BEGIN

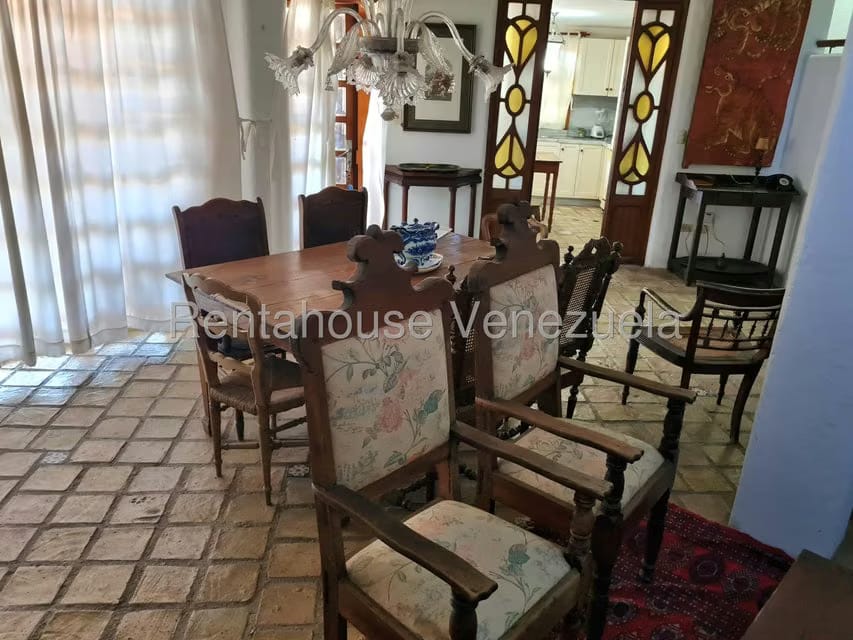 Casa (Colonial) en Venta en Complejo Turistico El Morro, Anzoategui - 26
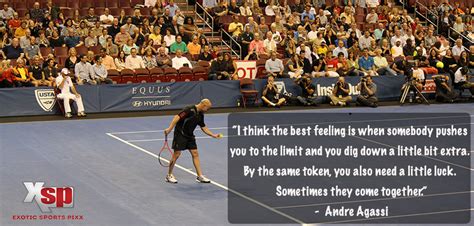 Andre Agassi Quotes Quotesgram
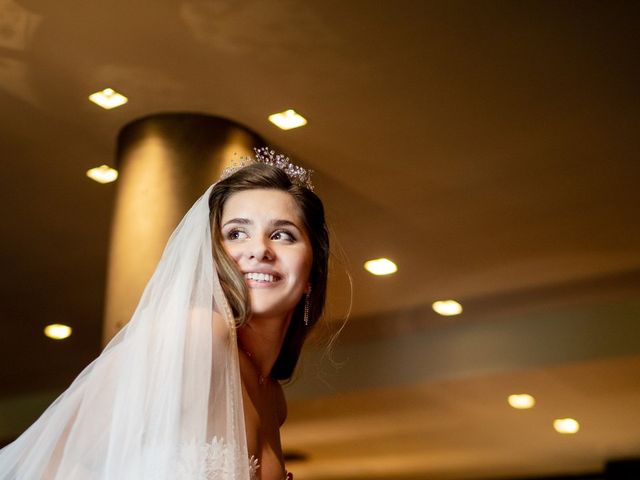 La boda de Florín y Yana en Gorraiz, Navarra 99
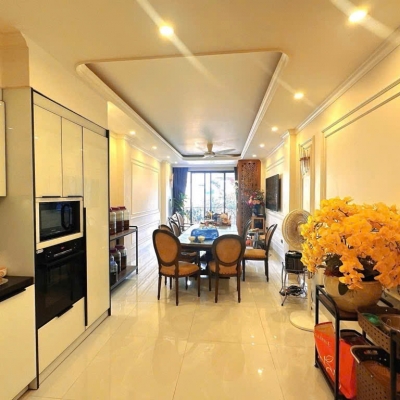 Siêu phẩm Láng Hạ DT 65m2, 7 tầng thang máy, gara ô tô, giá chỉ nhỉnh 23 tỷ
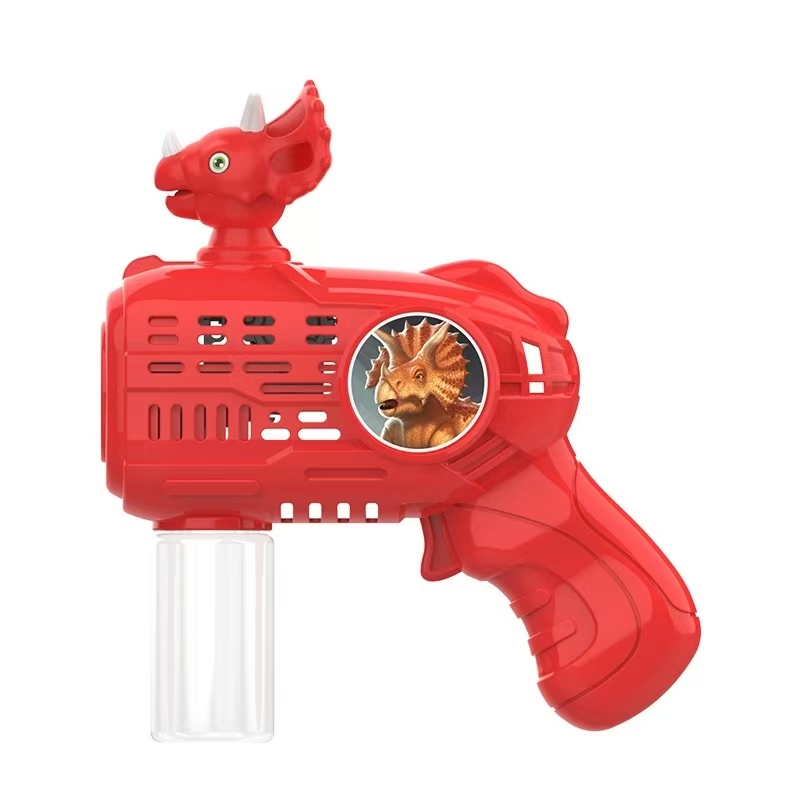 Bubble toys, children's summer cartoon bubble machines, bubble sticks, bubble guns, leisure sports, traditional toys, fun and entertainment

END
BEGIN

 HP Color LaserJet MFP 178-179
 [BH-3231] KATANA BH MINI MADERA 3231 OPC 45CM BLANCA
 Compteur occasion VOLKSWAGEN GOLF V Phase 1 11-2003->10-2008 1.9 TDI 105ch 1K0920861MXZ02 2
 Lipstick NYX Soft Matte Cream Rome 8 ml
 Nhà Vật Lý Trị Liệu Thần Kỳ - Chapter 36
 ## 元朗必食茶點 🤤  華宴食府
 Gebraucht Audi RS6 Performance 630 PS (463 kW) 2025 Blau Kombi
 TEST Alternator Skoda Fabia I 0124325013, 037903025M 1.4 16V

END

Exercise objective: Please copy the lines above exactly, starting at the line that holds "Andre Agassi Quotes Quotesgram" and ending at the line that holds "Bubble toys, children's"; include both, but no pictures.

Answer below:
 Andre Agassi Quotes Quotesgram
 La boda de Florín y Yana en Gorraiz, Navarra 99
 Siêu phẩm Láng Hạ DT 65m2, 7 tầng thang máy, gara ô tô, giá chỉ nhỉnh 23 tỷ
 Bubble toys, children's summer cartoon bubble machines, bubble sticks, bubble guns, leisure sports, traditional toys, fun and entertainment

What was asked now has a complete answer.